A ancestralidade não é uma coisa que a gente define. É muito ampla, então sinto que a gente consegue vivê-la nos três tempos da vida. E, também, que estamos construindo ela no momento em que a gente se torna uma ancestral quando se junta. A gente referencia as mulheres que estão perto da gente, o que constrói a ancestralidade. Ela tem a ver com a continuidade e com a perpetuação da gente. Sinto que, com Oriki~Yà, a gente está se perpetuando.

Patchamora: Sinto muita conexão. A gente traz uma conexão dos ritmos variados nas nossas músicas.
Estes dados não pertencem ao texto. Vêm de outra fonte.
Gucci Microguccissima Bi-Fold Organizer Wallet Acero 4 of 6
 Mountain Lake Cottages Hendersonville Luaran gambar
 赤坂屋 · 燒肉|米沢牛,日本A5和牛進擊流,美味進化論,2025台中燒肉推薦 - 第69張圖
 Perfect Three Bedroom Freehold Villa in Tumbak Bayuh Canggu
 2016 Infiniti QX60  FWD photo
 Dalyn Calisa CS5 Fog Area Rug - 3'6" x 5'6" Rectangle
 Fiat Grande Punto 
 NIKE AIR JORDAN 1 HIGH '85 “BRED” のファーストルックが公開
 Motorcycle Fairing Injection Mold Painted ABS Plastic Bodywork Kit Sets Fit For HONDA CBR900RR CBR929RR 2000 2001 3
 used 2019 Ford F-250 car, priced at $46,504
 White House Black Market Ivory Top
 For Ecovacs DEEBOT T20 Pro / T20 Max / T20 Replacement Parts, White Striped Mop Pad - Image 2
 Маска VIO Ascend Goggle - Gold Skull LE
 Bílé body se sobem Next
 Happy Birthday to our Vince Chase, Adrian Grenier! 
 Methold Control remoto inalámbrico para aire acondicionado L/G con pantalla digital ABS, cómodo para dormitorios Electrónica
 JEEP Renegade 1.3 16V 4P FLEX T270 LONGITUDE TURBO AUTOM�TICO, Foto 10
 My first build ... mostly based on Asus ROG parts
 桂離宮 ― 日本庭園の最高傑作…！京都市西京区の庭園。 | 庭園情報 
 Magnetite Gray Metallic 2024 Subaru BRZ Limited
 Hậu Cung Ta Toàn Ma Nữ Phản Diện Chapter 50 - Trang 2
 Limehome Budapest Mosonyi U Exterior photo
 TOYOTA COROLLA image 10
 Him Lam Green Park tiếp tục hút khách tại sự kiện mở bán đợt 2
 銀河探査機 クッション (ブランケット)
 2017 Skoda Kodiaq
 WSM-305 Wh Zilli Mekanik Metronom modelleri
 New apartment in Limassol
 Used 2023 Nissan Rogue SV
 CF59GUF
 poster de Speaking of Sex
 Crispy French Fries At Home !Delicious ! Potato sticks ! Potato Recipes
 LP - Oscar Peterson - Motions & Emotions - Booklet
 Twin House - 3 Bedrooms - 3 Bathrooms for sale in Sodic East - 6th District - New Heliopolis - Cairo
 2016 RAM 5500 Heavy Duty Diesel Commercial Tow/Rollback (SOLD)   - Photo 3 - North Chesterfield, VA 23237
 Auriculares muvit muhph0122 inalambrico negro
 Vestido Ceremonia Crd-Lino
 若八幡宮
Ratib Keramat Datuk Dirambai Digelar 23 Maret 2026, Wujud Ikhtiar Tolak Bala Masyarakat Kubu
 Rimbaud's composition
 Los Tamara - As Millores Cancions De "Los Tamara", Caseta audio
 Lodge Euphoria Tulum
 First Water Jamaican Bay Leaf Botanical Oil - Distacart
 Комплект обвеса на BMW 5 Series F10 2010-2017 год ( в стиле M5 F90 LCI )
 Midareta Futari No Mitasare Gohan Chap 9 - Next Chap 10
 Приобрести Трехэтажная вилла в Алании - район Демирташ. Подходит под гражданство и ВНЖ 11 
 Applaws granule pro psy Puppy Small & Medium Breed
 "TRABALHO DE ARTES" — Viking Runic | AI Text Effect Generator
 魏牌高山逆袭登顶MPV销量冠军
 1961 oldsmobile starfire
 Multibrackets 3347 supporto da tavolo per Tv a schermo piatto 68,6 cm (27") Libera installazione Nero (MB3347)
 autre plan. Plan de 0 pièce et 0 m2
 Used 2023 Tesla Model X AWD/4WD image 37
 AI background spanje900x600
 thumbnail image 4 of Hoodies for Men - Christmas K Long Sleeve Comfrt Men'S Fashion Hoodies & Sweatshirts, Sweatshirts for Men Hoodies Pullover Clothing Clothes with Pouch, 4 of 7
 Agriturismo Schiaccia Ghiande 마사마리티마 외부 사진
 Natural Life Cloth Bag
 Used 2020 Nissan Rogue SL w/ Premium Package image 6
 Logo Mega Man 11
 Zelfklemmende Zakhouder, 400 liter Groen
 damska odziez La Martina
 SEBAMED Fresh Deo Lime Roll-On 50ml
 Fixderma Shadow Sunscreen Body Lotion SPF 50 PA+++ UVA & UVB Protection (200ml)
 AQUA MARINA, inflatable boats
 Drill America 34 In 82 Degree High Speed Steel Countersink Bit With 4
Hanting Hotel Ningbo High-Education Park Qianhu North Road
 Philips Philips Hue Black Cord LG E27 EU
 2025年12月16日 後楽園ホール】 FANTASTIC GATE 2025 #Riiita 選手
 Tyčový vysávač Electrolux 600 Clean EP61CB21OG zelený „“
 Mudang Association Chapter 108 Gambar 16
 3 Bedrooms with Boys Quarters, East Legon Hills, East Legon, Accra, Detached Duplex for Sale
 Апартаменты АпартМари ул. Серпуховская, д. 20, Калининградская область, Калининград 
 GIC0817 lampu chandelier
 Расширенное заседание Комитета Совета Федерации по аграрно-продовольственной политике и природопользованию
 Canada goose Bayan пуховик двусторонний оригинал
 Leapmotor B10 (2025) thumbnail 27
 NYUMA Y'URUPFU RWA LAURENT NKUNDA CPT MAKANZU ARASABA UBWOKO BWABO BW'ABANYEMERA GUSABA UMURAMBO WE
Inclusive, a gente trabalha junto com percussionistas que estudam ritmos brasileiros variados, o que também traz essa conexão com a nossa ancestralidade. Nós queremos trazer a ideia através de músicas latino-americanas, não só brasileiras. A proposta é mostrar que falamos de todas as mulheres. É um lugar muito especial para usar a minha voz. Nós usamos as vozes juntas para cantar, algo que é muito simbólico já que o meu corpo é como uma cura. Abrir a boca e cantar é algo que faço para me libertar. A gente se encontra no caminho do cantar, que liberta as nossas vozes, que foram silenciadas por muito tempo e ainda são. Vejo esse caminho se juntando ao físico no corpo. É um trabalho espiritual.

Integrante do Oriki~Yà, Patchamora exalta os ritmos e sonoridades brasileiras como forma de conexão com a cultura

Integrante do Oriki~Yà, Patrischa exalta os ritmos e sonoridades brasileiras como forma de conexão com a cultura (Foto: Nathalia Atayde)

 

De que forma vocês entendem a importância desse trabalho para as gerações mais nova, sobretudo na criação de um novo imaginário?

Vittória Braun: Inspirar já é um caminho. Sou a única do grupo que ainda não é mãe e admiro muito esse trabalho. Observo a relação das meninas com os filhos delas e é algo que me alimenta muito. Acho que é revolucionário o suficiente, já que essas crianças crescem vendo que as mães cantam e sobem no palco para defender ideias e ser quem elas são. Não estão para cumprir uma tabela de uma moral cristã careta, antiquada e preconceituosa que diminuía essas mulheres. [Para ela], é como se escolher a arte ou escolher quem a gente é fosse algo menor por conta dessa moral cristã e capitalista na sociedade que a gente vive e que diminui o trabalho artístico.

Gostaria de inteirar que, no nosso último show, tiveram muitas crianças pela presença de inúmeras mães que escutam o nosso trabalho. Foi lindo. Senti que elas se conectam muito fortemente com a ideia do trabalho e com as verdades dentro delas. Sinto que a gente já está alimentando essa nova geração.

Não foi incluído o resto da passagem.